This is why Mark Pitt had to program his computer to search for the best fit by trial and error. The process is standard in econometrics and is called Maximum Likelihood. It is analogous to a blind ant searching for the highest point in the Himalayas. The ant starts somewhere. It explores the immediate neighborhood. It determines which nearby point is highest and goes there. And it repeats, maybe millions of times, until it gets stuck at place where all neighboring points are downhill. Then the ant assumes it is at the highest point.
This may sound like a dumb strategy. The ant could easily get stuck at the top of some mountain other than Everest, and wrongly conclude that it had found the tallest peak. The strategy is not dumb (do you have a better idea?) but it is potentially problematic. Mathematically, the computer really is a blind ant, unable to scan the horizon for the highest peak.

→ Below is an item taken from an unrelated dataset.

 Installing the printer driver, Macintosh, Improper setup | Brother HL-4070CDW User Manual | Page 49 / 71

Users of Maximum Likelihood must hope that there is just one mountain on the landscape, so that it is impossible to get stuck on the wrong one. (In some cases, they know.) There is reason for their hope: a foundational theoretical finding is that if the model being fit is correct, the probability of there being more than one mountain peak goes to 0 as the number of data points increases.

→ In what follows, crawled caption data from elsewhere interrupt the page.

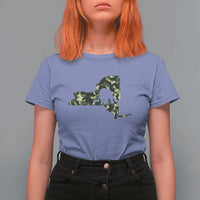New York Bear Hunter T Shirt For Women Camo Map Hunting Season Gift - Wonder Print Shop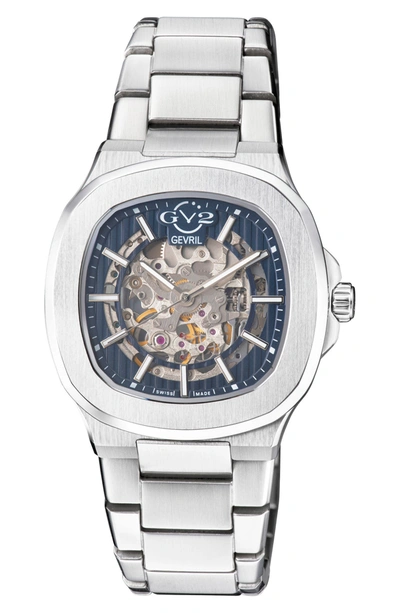 Gv2 Potente Swiss Automatic Skeletal Stainless Steel Bracelet Watch, 40mm In Silver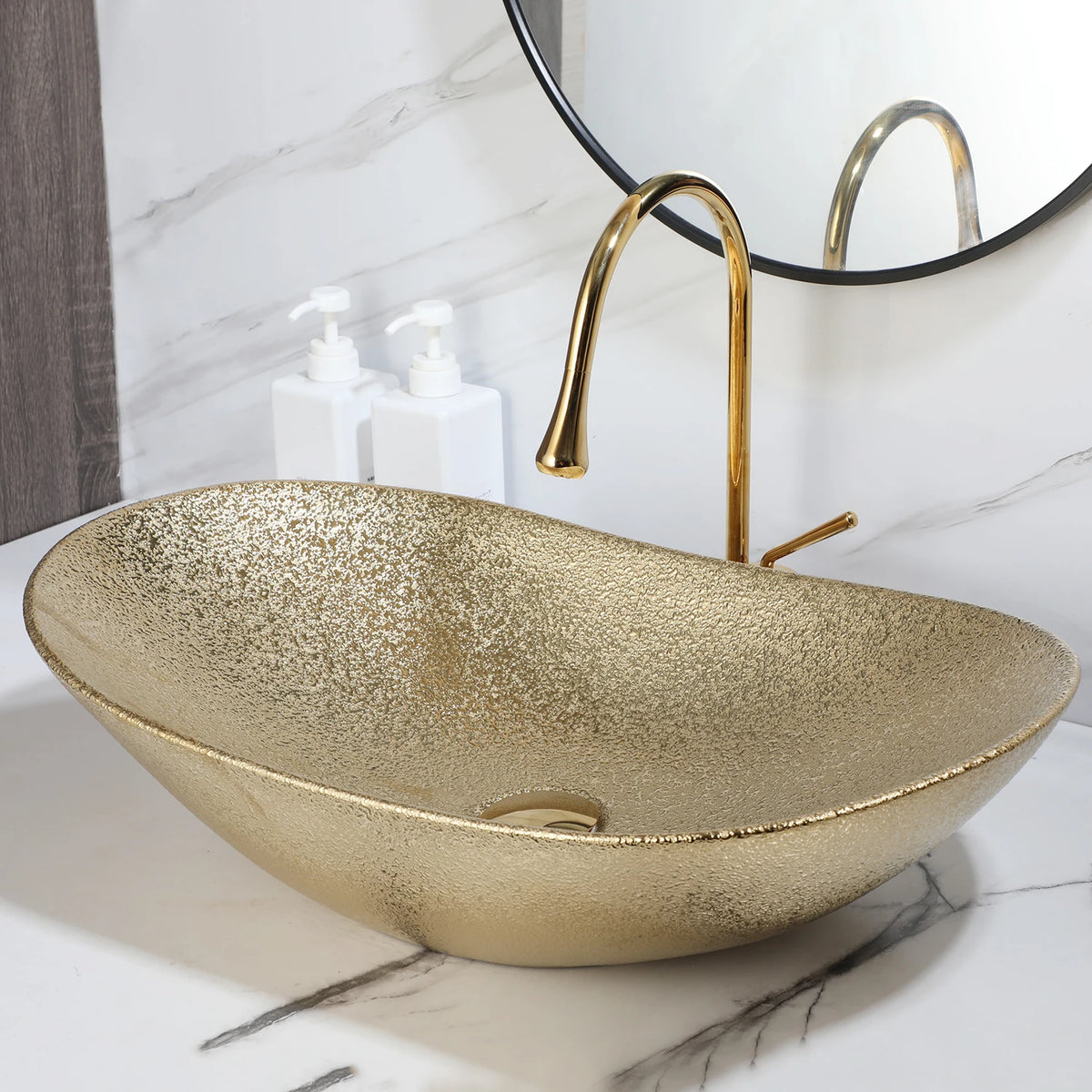 MEKKHALA Oval Ceramic Bathroom Vessel Sink Faucet And Drain Set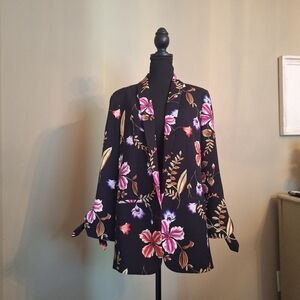 NWT Black Floral Blazer with Pink and Purple Accents By Express Sz M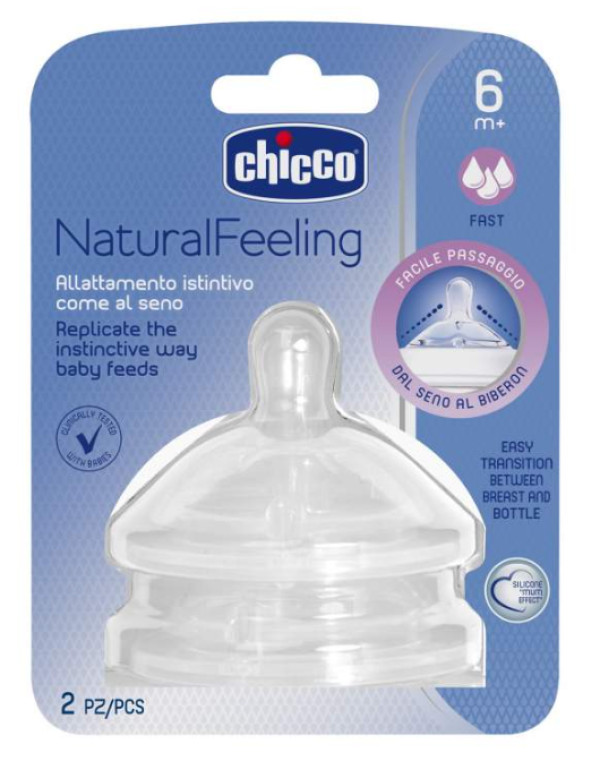 Chicco Tetina Natural Feeling Fluxo Rápido 6M+ x2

I discovered that even though the PK data set is big (1,798 households surveyed three times), when the PK model is fit to this data, there are (at least) two mountains. In other words, within the PK analytical framework, there are two competing ways to explain the data; and they are nearly tied in quality of fit. Here is a cross-section of the terrain that is searched (which actually has about 250 dimensions):
The subtle peak on the right corresponds to PK's published finding that microcredit raised household spending (thus reduced poverty) in Bangladesh; that's where their computer ant got stuck. The 0.043 shown there translates into the figure that Muhammad Yunus used to cite, that "In a typical year 5 percent of Grameen borrowers…rise above the poverty level." (Look for the .0432 near the center of Table 2 in the PK paper.) But there is another peak on the left, a hair lower. Under the PK interpretation, this peak suggests that the impact of microcredit for women is, after all, negative (--0.018). This is essentially the peak where Jonathan and I got stuck in the 2009 version of our paper. On balance, I think this contour is best viewed not as twin peaks, but as one really wide peak that spans possibilities of both positive and negative impact. It indicates huge imprecision in the estimated impact of microcredit on poverty, which was till now undiscovered.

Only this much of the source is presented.